DNAinfo Reporter/Producer

MANHATTAN — Looking for an apartment? Expect to pay more when you find one, if you can find one.

A Citi Habitats brokerage firm report for the second quarter of 2011 shows that rents in Manhattan have increased 10.1 percent compared with the same quarter last year. The average rent for a one-bedroom apartment is $2,672, up 9.2 percent over last year. A two-bedroom apartment is $3,757, up 10.8 percent. Citi Habitats stats include rent-controlled units.

Renters looking for a three-bedroom apartment will have to shell out more cash. The biggest rent increases were three-bedroom apartments, up 11.3 percent, to $4,985.

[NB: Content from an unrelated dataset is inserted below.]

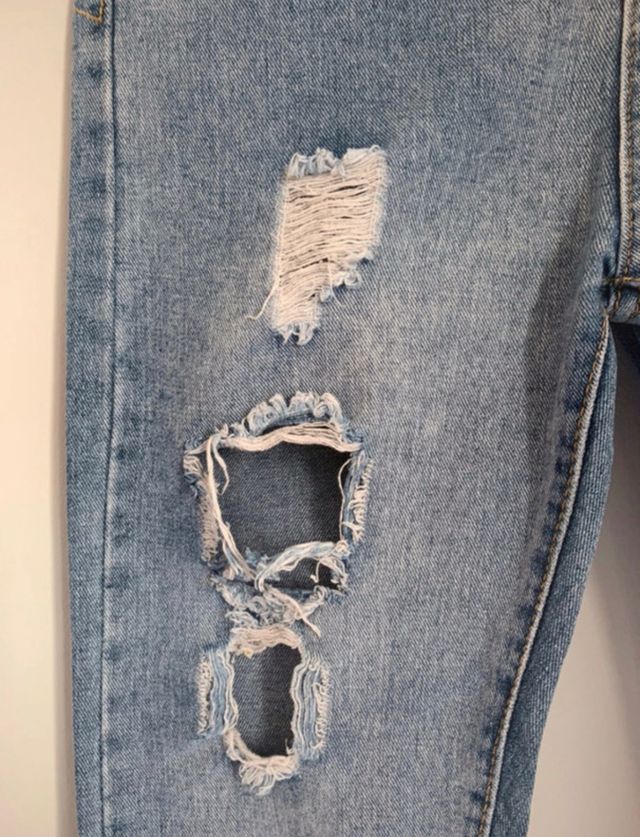Jeans con strappi di Zara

The SoHo and Tribeca neighborhoods showed the highest average rents in Manhattan, according to Citi Habitats, with studios going for $2,420 and $8,465 for a three-bedroom.

Low availability of units also helped to push rents up. Manhattan vacancies dropped to 0.72 percent in the second quarter. Citi Habitats says that's the lowest vacancy rate on record since they started tracking those rates in 2002.

"What you're seeing is intense demand with very little supply on the market," Gary Malin, president of Citi Habitats, told the Wall Street Journal.

Another factor in the rent increases are concessions, commonplace during the recession, have dried up. Many landlords are not offering those concessions, and in some cases creating bidding wars for units, the paper said.

Concessions, like a month's free rent or payment of brokerage fees have largely disappeared, with 11 percent of transactions in June including some type of concession, about half of what it was in 2010, the Citi Habitats report says.

In contrast, during the recession in 2009, 60 percent of all Manhattan rental transactions included a landlord concession.

A separate report from Prudential Douglas Elliman shows a slightly brighter picture than Citi Habitat, showing a 3.5 percent increase in the second quarter. Its data says the average New Yorker is paying $3,455 a month, the report said.

A Reis Inc. report released on Thursday says that New York led the nation on average in rents in the second quarter, Journal reported.